*** Opening of Source material ***

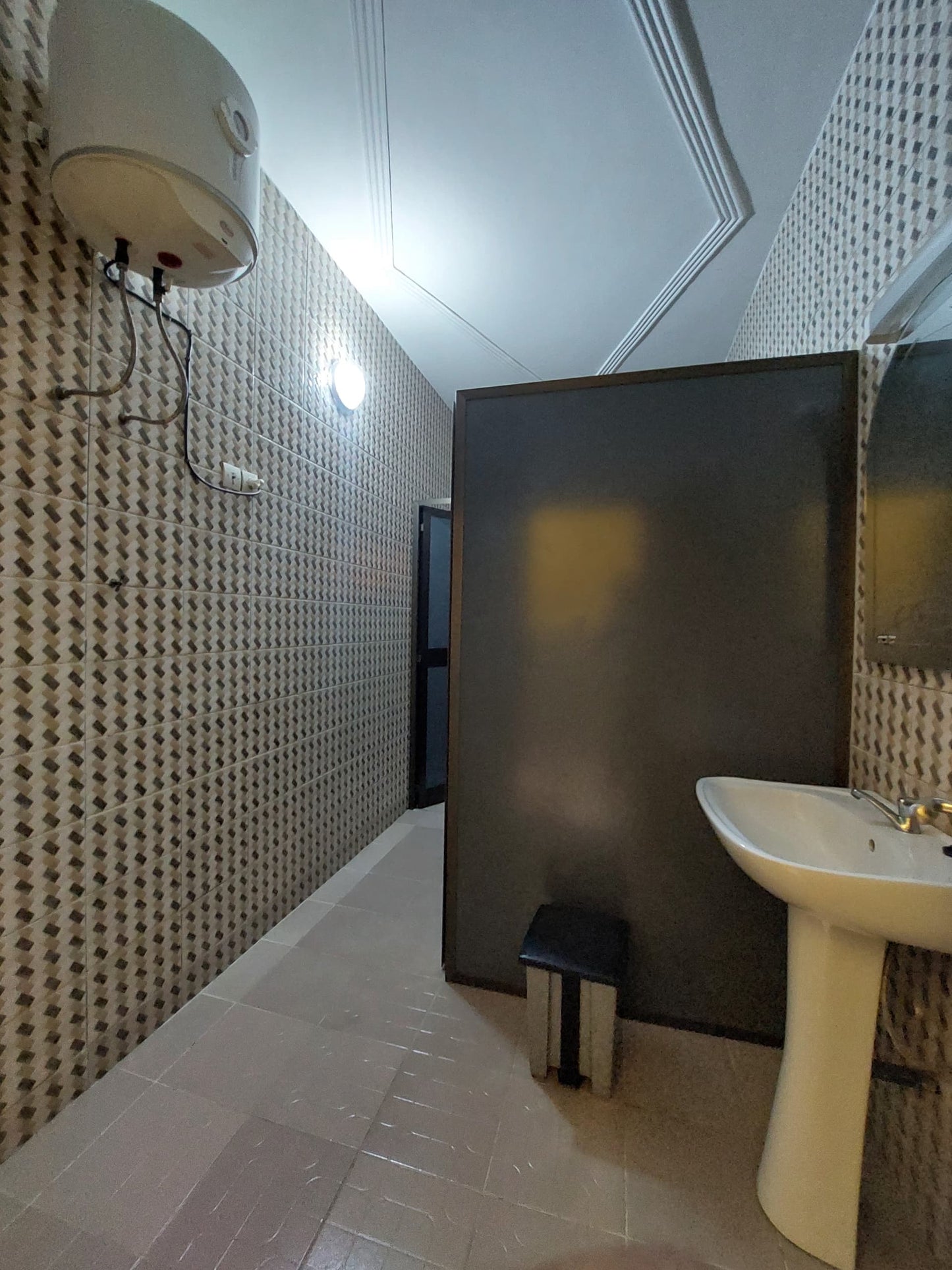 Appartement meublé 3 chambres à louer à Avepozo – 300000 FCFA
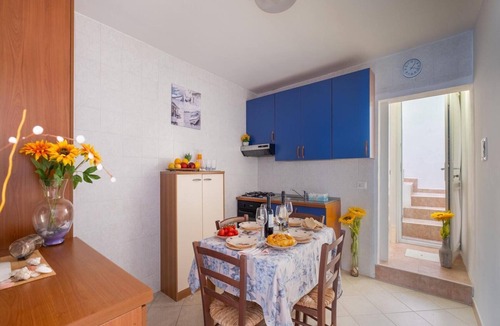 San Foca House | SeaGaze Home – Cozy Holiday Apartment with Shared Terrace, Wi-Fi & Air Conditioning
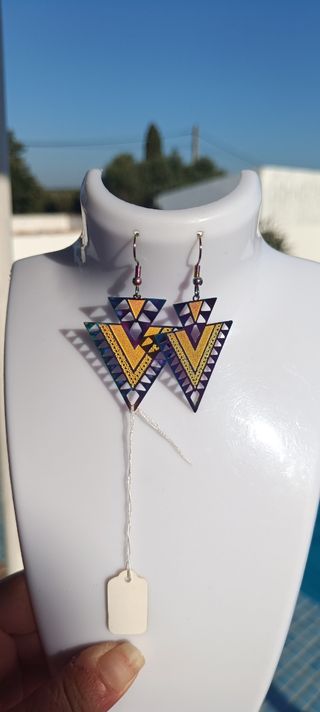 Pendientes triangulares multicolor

*** Close of Source material ***

## What you need to do
Give back the listing exactly, without a single picture.

## Solution to this exercise
 Appartement meublé 3 chambres à louer à Avepozo – 300000 FCFA
 San Foca House | SeaGaze Home – Cozy Holiday Apartment with Shared Terrace, Wi-Fi & Air Conditioning
 Pendientes triangulares multicolor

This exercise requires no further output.